A lot of this second series of Broadchurch’s criticisms have stemmed simply from its lack of consequences. While characters such as Alec Hardy have undergone real emotional journeys, narratively Broadchurch has offered few answers. Episode six saw the exposition-heavy dialogue and endless newly-emerged plot strands discontinued with an episode that managed to nudge the story along, develop the characters and tease where the show might be heading to boot. Chris Chibnall wrote a script this week that was stuffed with emotional oomph, nothing too showy or distracting, just gentle, almost imperceptible moments between the characters that echoed the first series.
Joe Miller’s U-turn on his confession has had equal – perhaps harder-hitting – consequences for the townspeople of Broadchurch. As a result of Joe’s son, Tom’s false statement in the stand regarding Mark Latimer and his rendezvouses, Mark was forced to admit to his wife, Beth, that he planned to leave her had their son still been alive.
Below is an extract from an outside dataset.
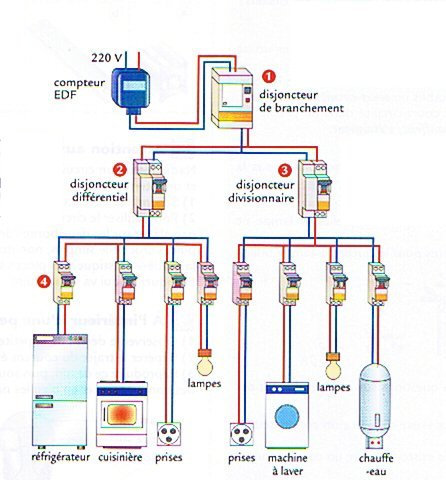 découvrez tout ce qu'il faut savoir sur l'électricité de maison : conseils pratiques pour l'installation, la sécurité, l'entretien et l'optimisation de votre consommation énergétique. transformez votre habitat en un espace sûr et efficace grâce à nos recommandations.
Jodie Whittaker gave a quite astonishing performance this week, once again exhibiting her ability to come apart at the seams at will.
Similarly, Ellie Miller’s meltdown and superbly written denunciation of Tom was exquisitely performed by Olivia Colman. On the character of Ellie, she really has come on as a person particularly after her vow to solve the Sandbrook case. She’s taken on an edge we’ve not seen: the assertiveness she lost between series one and two (as a result of being ostracised in Broadchurch) has returned but, this being Ellie Miller, she’s retained the gentle wholesomeness we love her for.
Interestingly, Claire Ripley has come out as one of the chief suspects in the Sandbrook case after weeks of seemingly feigned doe-eyed naïveté. I had her marked as a suspicious type from the off purely because the writing initially indicated that she was innocent. In recent weeks we have seen her sketchy story changed a number of times, have sex with the husband she’s hiding from and act strangely in a number of situations (notably her apparent communications with Ricky Gillespie).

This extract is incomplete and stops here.